Most of the fun of this movie that I already alluded to earlier, is watching the ensemble cast and seeing all of these different roles they pick-up in each story. See, in this movie, instead of just having a star play one character, in one story, and having that be their own pride and joy, they all get to play another character in each and every other story and all have different looks. Some are goofy-looking, and some are pretty neat-o how they all pulled it off (make-up and costume designs are sure to get an Oscar nomination this year), but overall, they all will probably have you staring at that one character and thinking to yourself, “Is that Huge Weaving in drag?”
And yes, in case you wondering, Hugo Weaving does actually show-up in drag here and it’s fun to watch him play it too, because the guy plays a villain in every, single story. But he’s not the only one having fun out of the cast, because everybody else is pretty much too. Tom Hanks shows up the most prominently in this flick and plays all of these different types and roles that we have never really seen from the guy before and it just goes to show you why exactly this guy is the face of-Hollywood, in a lot of ways. Halle Berry is another one who shows up the most prominently in this flick and shows us all why she deserves bigger and better roles like the ones she has here. It’s been awhile since Berry has actually took a nice, juicy-role that spoke to her true talents as an actress, and thankfully, the time has come to where we see it finally and she handles herself oh so perfectly with every story.
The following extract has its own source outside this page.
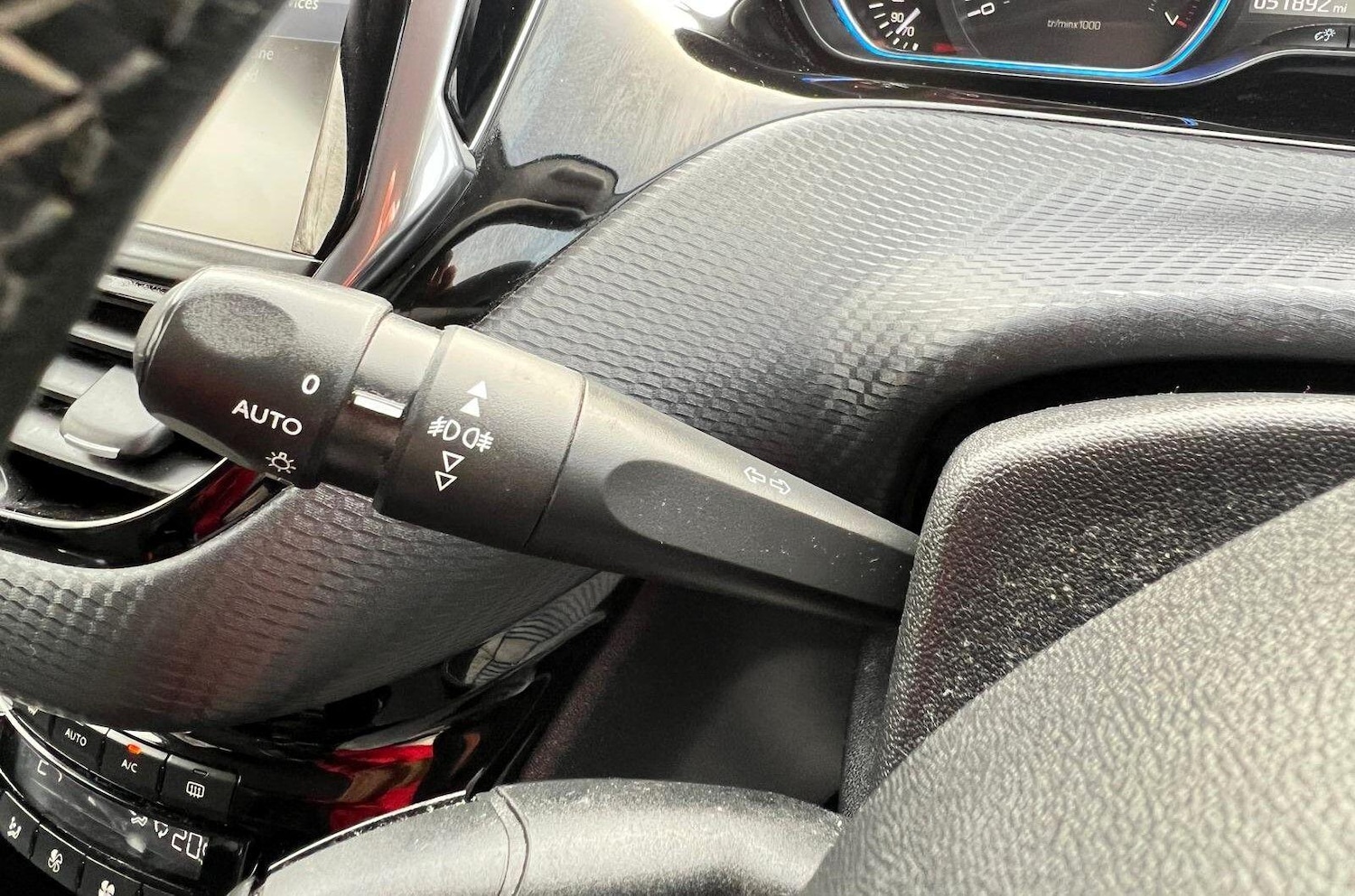 Used Peugeot 2008 2016 for sale - 76748522: Photo 29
Out of this whole cast, it’s really hard to decipher who has the more-difficult tasks at-hand here, but I will say that the one I was most impressed with was Jim Sturgess who held his own pretty damn well throughout this whole flick. Maybe the guy didn’t do an amazingly spectacular job, but after appearing in shit like 21, Across the Universe, and One Day, the guy took me by surprise by showing me the depths he has as an actor and I look forward to seeing what else he can do in the near-future with his career. Hopefully, just hopefully, he steers clear of those soapy, melodramas that always seem to plague young, good-looking guys’ careers like his.
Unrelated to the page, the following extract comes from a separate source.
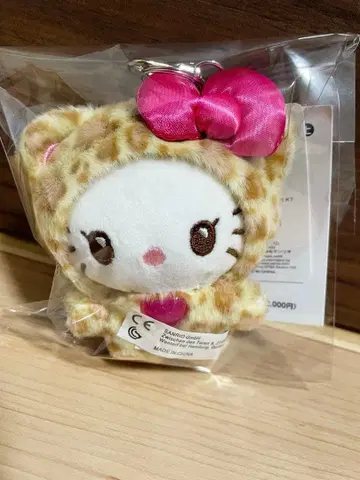신상품 입고 헬로키티 레오파드 무늬 봉제 인형 마스코트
It should also be as to no surprise that Jim Broadbent steals the show in every story he has, and the one where he and a couple of fellow old-timers plan an escape out of an old-folks home is definitely worth the price of admission alone. Basically, everybody you see on that cast-list up there on the poster, is featured plenty of times in this movie that will have you pointing to the screen a crap-load of times. But on a sad-note, the coolest Brit of them all seems to get the short-stick a bit. Yep, that’s right. I’m talking about you Hugh Grant. I want to see more of you buddy, so show-up in more stuff!
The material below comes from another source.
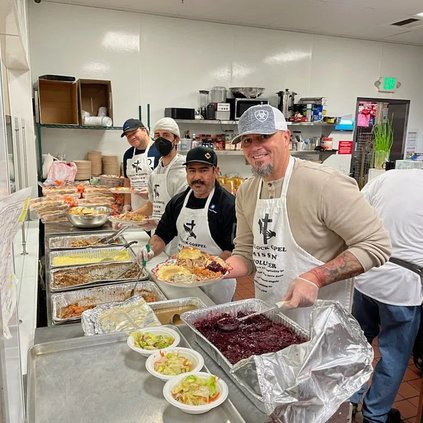 TGM Thanksgiving volunteers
Consensus: Cloud Atlas is a very, very long movie that’s filled with plenty of stories, plenty of characters, and plenty of ambitions that it’s set for itself, but is also a very entertaining and beautiful movie to watch as it never really leaves you bored when it’s all over. It may not be the most emotionally-impacting viewing-experience you’ll have this year, but it’s a great watch that will probably take-up half of your day. But, in a good way at least.